Inside the World of Computer Vision: A Q&A with Scott Wehrwein

Computer Vision - the field of research surrounding the effort to give computers the ability to perceive the world through images - is becoming a bigger part of our daily lives, from facial-recognition security on smartphones to content-based image search. Western Today talked with WWU Assistant Professor of Computer Science Scott Wehrwein about his research in Computer Vision and how it could continue to impact our lives in the years ahead.

 

Western Today: Scott, your research focuses of an area of Computer Science called “Computer Vision.” How would you explain the field to a neophyte, in a few sentences?

SW: Computer vision is all about giving computers the ability to perceive the world through images. Many of these abilities are things that we as humans take for granted, for example recognizing faces and objects, or perceiving depth and motion. Computer vision researchers also work on tasks that would be too large-scale for humans to solve, such as building massive 3D reconstructions, mining internet images for fashion trends, and studying how the world changes over time by processing webcam streams.

 

WT: What are some of the most impactful applications coming from the computer vision field?

SW: In the past 10 to 15 years, some computer vision techniques have matured to the point of practicality, and meanwhile digital cameras went from a curiosity to a necessity. The most widely recognizable applications today include smartphone and camera features we now take for granted, like in-camera face and smile detection, panorama stitching, and video stabilization.
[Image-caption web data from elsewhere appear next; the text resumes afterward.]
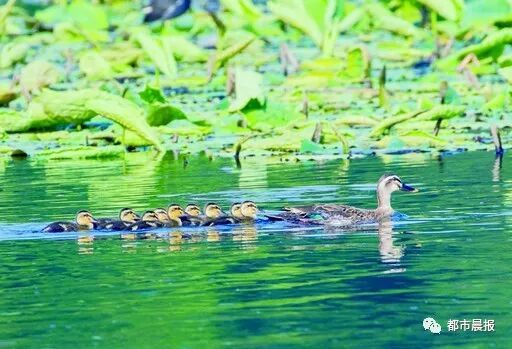 这“一家子”从恋爱结婚到生子都被拍下来啦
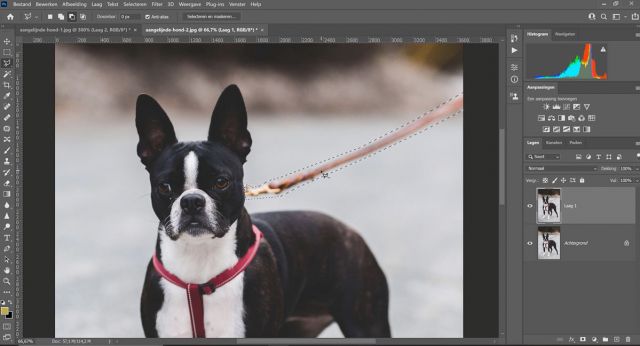 Longeerlijn of hondenriem wegbewerken met photoshop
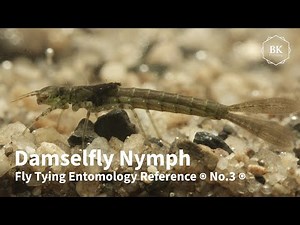 Damselfly Larvae / Nymphs / Naiads ◉ Fly Tying Entomology Reference ◉ No.3 ◉ Calopteryx ◉ 4K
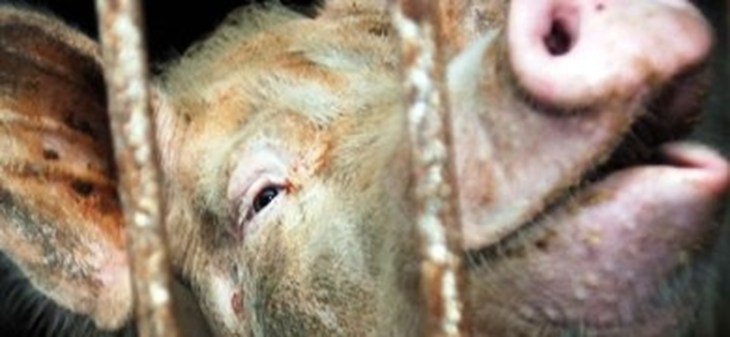 500.000 varkens aan lot overgelaten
Other hugely impactful applications are becoming increasingly ubiquitous: content-based image search is now built into most popular photo sharing platforms; face recognition techniques are being used to unlock phones and replace airline boarding passes; object detection and scene understanding play a huge role in today’s self-driving car systems.

 

WT: One of the areas being researched that is opening up new fields is “Deep Learning,” the ability of computers to actually learn. This seems both fascinating and terrifying, but can you explain how it works?

SW: There has been a lot of hype in the popular press about deep learning, and some of it is well-deserved. That said, at its core is about training computers to make predictions based on past examples. Deep learning refers to a specific sub-area of a larger field called Machine Learning, which itself is a sub-area of Artificial Intelligence (AI). The basic idea is that despite our best efforts, we don’t know how to write algorithms to solve certain problems, like recognizing cats in images. Fortunately, we do have a lot of examples of images containing cats. So instead of telling the computer exactly how to recognize a cat, we can use machine learning techniques to “train” models to recognize cats based on all these examples.

Deep learning is about scaling up these techniques, using models that require huge amounts of computation accelerated using specialized hardware, and training them on millions of images, or data points. Deep learning’s success has led to rapid advances in computer vision as well as many other areas, and widespread adoption in technology companies as well as other industries from finance to manufacturing.

 

WT: One of your areas of focus is using Computer Vision to create images that you couldn’t normally capture with a camera yourself, like this short video. What fascinates you about this kind of work?

SW: I was an amateur photographer before I became a computer vision researcher, and what motivates me is applications that allow me to see, or to visualize, the world in new and different ways. Photo enhancement and manipulation has been around as long as photography. But digital imaging and the advent of techniques that can “understand” images and videos enable whole new ways of thinking about photography and videography, and this is the idea behind the field we call Computational Photography.

As an example, the technique that created the video linked above was inspired by the limitations of time-lapse photography, where an artist sets up a camera to take a photo every few seconds or so, then compiles the frames into a video. The problem is that different things go different speeds: to see people walking, you’d want to show a standard video with 30 frames per second; visualizing clouds is best done by taking one image every 10 seconds or so; shadows move across the ground even more slowly than that, requiring one frame every 30 seconds to be able to see the motion. What this technique enables is a video of this scene that never truly took place, but visualizes all the motions in the scene better than any single time-lapse sequence could have: you can watch a few seconds of this video and see what’s going on at many timescales, from seconds to minutes to hours.

My work is motivated by applications like these, and it spans a range from creating the visualizations themselves to working on the fundamental computer vision techniques (like motion analysis and image compositing) that make them possible.

 

Scott Wehrwein got his doctorate from Cornell University in 2018, and has taught at Western since last fall.